Parlons d’abord des traductions. Un
document de ce dicastère du Culte divin, il y a trois ans, Liturgiam authenticam, avait pour thème principal :
l’Eglise approuve les langues locales, dans la liturgie, mais les traductions,
dans le rite latin, doit être fidèle au texte originel latin. La directive
générale est celle-ci : toutes les traductions faites il y a trente ans
doivent être révisées de telle sorte qu’elles soient vraiment fidèles au texte
originel. Il est vrai que dans certaines langues, il est très difficile de
faire une traduction littérale. Mais on ne doit pas admettre des traductions
idéologisées. Par exemple, lorsque le missel latin fait dire au prêtre :
Orate fratres ut meum ac vestrum sacrificium
acceptabile fiat apud
Deum Patrem
omnipotentem
[1]
, un traducteur qui n’accepte pas de faire la différence
entre le peuple et le célébrant dira : « Priez mes frères afin que
notre sacrifice, etc. » C’est cette sorte de traductions idéologisées
que l’on doit éviter. Mais il ne s’agit pas seulement de la langue anglaise !

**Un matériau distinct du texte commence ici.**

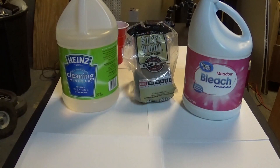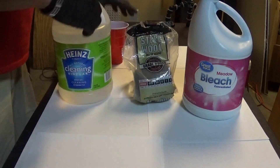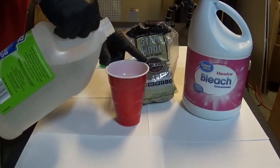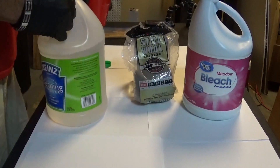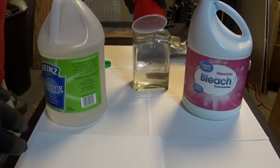I grabbed a cup and I'm pouring the vinegar — about half a cup. Now I'm going to pour it into this square jar. There we go.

Même les Français… Regardez donc comment vous traduisez l’Orate frates…en
français : « Prions ensemble au moment d’offrir le sacrifice de
toute l’Eglise ». C’est tout. Ce n’est pas une traduction, c’est une
belle phrase, une très belle phrase, mais ce n’est pas une traduction du texte
latin. La réponse à l’invitation du prêtre est dans le missel latin :
Suscipiat Dominus sacrificium
de manibus tuis ad laudem et gloriam nominis sui, ad
utilitatem quoque nostram, totiusque Ecclesiae suae sanctae
[2]
. Et que dites-vous en français ? « Pour
la gloire de Dieu et le salut du monde ». Ce n’est pas une traduction.

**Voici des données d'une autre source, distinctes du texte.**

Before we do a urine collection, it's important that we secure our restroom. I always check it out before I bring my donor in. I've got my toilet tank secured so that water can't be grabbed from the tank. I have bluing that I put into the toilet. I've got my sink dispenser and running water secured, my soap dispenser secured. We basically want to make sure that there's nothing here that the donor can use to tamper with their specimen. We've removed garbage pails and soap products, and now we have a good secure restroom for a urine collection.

Mais les traductions ne sont pas la
cause principale des difficultés. Leur cause principale est que le célébrant
ne suit pas le texte approuvé. Si chaque prêtre suivait les livres liturgiques
approuvés par l’épiscopat du pays et par la Congrégation romaine agissant
au nom du pape, il y aurait beaucoup moins de problèmes et d’abus. Le problème
vient de ce que pas mal de prêtres croient que la créativité est la grande
chose à promouvoir. Chaque prêtre, selon eux, doit célébrer la messe pour
montrer qu’il a une personnalité propre qui fabrique une chose bien à lui
en inventant chaque fois quelque chose de personnel.

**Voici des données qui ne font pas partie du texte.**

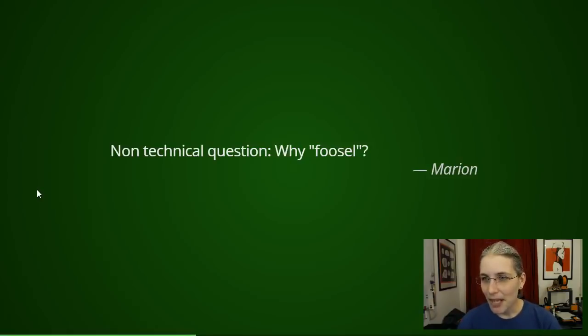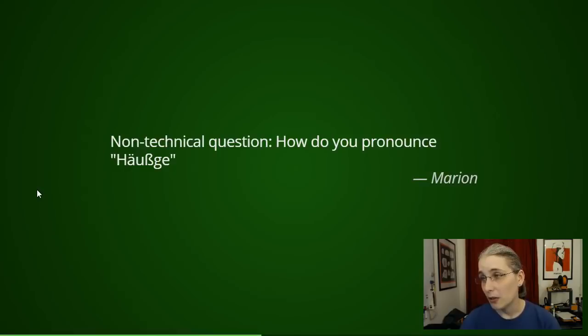Next question also by Marion: "How do you pronounce 'Heußkel'?" There you have it — "Heußkel." This is actually similar to a question asked back in OctoPrint On Air number four, and I would refer you to that to learn why that character is an S and not a B, and a bit of the history behind it. It's actually an S and Z combined in a ligature, but check out episode four if you're interested.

Mais les rites de la liturgie de Paul VI n’incitent-ils pas eux-mêmes
à une grande créativité ? Vous dites qu’il faut réviser les traductions.
Ne faudrait-il pas parfois réviser aussi les rites ?
Oui, c’est peut-être une bonne idée.
Mais le missel n’est pas coupable. Il est vrai qu’il donne de temps en temps
des choix, des possibilités, des alternatives. Par exemple, en commençant
la messe le prêtre peut dire : « La grâce de Jésus notre Seigneur, l’amour
de Dieu le Père, et la communion de l’Esprit Saint soient toujours avec vous ».
Il peut dire aussi : « Le Seigneur soit avec vous ». Et il
y a d’autres formes de salutation approuvées par les Eglises locales. Cette
possibilité de choix est une bonne chose. Réduire à une seule possibilité
serait un peu rigide. En ce sens-là, le missel n’est pas rigide. Mais non-rigidité
ne veut pas dire créativité, comme si le prêtre imitait une maîtresse de maison
qui présente le plat qu’elle a préparé à ses invités, en disant : « C’est
de la cuisine maison !» Il ne faut pas inventer, sauf quand c’est permis,
comme dans la prière universelle. Mais la collecte, la prière après la communion,
la salutation liturgique sont fixées. Si le prêtre
commence la messe en disant : « Bonjour à vous tous, j’espère
que vous avez bien dormi », ce n’est pas un salut liturgique, c’est une
banalisation du sacré. Ce n’est pas inscrit dans les livres liturgiques.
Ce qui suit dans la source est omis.